YOUR INSTRUCTIONS:
Using the records below, give again exactly the lines from the line that contains "Диск тормозной задний" through the line that contains "Sprzedam sofe ikea", both ends included, and only those.

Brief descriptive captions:
• • • • • • •
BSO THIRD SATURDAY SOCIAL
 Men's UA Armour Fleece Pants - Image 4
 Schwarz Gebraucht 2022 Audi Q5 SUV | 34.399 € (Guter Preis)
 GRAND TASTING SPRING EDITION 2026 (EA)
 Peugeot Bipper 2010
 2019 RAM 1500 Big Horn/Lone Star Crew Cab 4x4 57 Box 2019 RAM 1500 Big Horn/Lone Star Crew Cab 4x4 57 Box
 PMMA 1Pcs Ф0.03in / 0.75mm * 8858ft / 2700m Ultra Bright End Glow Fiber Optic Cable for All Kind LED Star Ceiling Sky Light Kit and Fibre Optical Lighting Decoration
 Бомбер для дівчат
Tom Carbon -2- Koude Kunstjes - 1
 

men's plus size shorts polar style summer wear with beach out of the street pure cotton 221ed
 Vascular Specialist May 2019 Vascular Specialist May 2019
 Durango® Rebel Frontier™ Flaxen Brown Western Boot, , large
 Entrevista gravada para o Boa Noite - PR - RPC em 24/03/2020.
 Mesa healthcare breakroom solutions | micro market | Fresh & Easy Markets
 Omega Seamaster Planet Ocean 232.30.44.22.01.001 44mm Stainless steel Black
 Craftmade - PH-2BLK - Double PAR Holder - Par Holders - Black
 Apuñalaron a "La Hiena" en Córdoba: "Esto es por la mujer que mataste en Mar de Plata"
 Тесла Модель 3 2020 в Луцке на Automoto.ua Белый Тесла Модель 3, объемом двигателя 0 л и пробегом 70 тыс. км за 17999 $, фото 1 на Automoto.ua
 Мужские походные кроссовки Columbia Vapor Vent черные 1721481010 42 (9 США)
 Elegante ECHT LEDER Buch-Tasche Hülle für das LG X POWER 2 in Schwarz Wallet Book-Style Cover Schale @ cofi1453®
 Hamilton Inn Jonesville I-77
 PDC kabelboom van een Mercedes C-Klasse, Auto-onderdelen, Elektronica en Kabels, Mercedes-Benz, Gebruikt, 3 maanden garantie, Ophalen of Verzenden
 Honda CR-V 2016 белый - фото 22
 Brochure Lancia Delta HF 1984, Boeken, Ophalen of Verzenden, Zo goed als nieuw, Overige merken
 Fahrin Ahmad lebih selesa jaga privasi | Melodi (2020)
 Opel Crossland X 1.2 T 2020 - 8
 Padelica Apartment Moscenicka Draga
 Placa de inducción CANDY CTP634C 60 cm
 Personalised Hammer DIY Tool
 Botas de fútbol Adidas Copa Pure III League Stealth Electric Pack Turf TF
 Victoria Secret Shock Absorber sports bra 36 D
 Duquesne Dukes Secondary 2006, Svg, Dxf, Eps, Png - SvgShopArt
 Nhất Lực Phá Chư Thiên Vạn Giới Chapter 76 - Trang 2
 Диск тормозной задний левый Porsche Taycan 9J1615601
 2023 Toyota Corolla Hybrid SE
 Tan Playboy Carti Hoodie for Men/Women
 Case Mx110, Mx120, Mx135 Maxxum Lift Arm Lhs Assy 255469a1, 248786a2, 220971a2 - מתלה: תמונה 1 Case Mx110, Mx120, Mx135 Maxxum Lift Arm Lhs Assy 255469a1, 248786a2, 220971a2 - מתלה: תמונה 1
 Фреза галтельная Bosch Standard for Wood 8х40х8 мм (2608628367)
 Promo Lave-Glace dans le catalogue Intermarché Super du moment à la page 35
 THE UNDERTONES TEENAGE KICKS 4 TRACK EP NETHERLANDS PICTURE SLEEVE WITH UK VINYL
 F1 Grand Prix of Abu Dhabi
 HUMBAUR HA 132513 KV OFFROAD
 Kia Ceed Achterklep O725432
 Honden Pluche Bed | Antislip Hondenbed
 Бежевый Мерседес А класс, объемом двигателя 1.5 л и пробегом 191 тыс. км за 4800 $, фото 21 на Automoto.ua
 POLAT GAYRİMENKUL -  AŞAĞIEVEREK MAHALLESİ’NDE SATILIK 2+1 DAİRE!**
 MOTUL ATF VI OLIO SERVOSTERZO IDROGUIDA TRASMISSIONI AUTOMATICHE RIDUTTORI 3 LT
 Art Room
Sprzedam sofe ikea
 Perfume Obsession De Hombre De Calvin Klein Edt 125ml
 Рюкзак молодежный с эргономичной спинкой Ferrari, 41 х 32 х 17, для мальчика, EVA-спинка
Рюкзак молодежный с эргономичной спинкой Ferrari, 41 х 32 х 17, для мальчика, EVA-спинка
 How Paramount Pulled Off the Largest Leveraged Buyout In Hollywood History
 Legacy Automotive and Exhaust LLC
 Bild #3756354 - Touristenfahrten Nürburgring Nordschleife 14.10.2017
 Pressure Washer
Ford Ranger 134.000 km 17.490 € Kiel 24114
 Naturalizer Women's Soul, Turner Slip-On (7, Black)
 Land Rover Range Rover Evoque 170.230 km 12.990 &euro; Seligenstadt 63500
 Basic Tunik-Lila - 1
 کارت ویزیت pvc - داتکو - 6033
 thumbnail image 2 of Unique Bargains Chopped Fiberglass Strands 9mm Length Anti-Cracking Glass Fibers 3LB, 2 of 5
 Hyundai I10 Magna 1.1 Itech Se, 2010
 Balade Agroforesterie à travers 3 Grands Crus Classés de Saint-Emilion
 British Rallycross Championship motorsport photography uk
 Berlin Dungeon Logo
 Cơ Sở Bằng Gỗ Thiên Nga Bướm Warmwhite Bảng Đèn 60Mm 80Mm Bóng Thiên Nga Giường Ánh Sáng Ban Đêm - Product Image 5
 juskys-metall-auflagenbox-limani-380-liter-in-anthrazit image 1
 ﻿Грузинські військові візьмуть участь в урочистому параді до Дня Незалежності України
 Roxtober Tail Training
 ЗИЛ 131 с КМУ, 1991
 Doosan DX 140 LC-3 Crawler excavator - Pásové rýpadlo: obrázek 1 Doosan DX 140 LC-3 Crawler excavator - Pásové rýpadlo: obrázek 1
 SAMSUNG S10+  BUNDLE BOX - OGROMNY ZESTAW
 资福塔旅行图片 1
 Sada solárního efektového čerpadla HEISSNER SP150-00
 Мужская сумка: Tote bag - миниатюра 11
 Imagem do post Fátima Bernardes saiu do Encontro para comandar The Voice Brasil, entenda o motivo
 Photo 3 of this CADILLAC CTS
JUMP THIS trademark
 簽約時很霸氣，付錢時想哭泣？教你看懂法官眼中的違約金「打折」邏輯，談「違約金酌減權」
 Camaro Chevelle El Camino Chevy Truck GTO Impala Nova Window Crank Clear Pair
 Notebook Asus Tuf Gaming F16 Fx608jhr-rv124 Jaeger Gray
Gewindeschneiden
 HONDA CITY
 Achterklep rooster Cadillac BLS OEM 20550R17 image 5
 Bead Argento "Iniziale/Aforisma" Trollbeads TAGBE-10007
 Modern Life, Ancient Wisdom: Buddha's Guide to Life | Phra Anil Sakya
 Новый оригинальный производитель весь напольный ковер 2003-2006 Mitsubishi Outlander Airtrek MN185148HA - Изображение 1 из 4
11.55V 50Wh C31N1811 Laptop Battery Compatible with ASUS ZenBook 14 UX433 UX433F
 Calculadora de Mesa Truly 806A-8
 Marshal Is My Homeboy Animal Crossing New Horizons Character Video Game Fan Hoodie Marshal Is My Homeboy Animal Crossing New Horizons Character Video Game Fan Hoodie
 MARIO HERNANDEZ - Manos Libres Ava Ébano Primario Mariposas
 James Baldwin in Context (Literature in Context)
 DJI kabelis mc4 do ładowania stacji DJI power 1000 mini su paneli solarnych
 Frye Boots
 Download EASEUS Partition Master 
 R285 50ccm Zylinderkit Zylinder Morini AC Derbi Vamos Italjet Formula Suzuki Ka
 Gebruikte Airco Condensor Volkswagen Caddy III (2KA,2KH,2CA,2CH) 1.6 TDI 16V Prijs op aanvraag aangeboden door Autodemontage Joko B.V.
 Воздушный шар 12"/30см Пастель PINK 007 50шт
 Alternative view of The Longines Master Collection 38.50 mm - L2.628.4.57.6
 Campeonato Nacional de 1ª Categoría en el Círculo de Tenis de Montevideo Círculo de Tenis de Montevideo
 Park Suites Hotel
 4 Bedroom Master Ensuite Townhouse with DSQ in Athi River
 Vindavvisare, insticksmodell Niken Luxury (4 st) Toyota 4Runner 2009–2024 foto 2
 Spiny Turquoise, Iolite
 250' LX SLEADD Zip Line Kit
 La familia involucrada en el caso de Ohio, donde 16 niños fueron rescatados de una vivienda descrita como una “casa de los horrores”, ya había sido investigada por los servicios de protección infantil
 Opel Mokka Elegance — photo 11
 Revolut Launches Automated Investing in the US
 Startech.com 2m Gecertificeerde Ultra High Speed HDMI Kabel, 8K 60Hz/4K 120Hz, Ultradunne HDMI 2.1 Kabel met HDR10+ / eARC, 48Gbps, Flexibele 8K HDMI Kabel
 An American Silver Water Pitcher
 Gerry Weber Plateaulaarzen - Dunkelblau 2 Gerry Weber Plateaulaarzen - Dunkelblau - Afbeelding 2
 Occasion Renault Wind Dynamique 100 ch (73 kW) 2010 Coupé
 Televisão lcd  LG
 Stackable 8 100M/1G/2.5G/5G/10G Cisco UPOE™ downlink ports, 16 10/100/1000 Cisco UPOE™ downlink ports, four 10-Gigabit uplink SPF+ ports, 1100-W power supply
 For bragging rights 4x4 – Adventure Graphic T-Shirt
• • • • • • •
ANSWER TO THE PROBLEM:
 Диск тормозной задний левый Porsche Taycan 9J1615601
 2023 Toyota Corolla Hybrid SE
 Tan Playboy Carti Hoodie for Men/Women
 Case Mx110, Mx120, Mx135 Maxxum Lift Arm Lhs Assy 255469a1, 248786a2, 220971a2 - מתלה: תמונה 1 Case Mx110, Mx120, Mx135 Maxxum Lift Arm Lhs Assy 255469a1, 248786a2, 220971a2 - מתלה: תמונה 1
 Фреза галтельная Bosch Standard for Wood 8х40х8 мм (2608628367)
 Promo Lave-Glace dans le catalogue Intermarché Super du moment à la page 35
 THE UNDERTONES TEENAGE KICKS 4 TRACK EP NETHERLANDS PICTURE SLEEVE WITH UK VINYL
 F1 Grand Prix of Abu Dhabi
 HUMBAUR HA 132513 KV OFFROAD
 Kia Ceed Achterklep O725432
 Honden Pluche Bed | Antislip Hondenbed
 Бежевый Мерседес А класс, объемом двигателя 1.5 л и пробегом 191 тыс. км за 4800 $, фото 21 на Automoto.ua
 POLAT GAYRİMENKUL -  AŞAĞIEVEREK MAHALLESİ’NDE SATILIK 2+1 DAİRE!**
 MOTUL ATF VI OLIO SERVOSTERZO IDROGUIDA TRASMISSIONI AUTOMATICHE RIDUTTORI 3 LT
 Art Room
Sprzedam sofe ikea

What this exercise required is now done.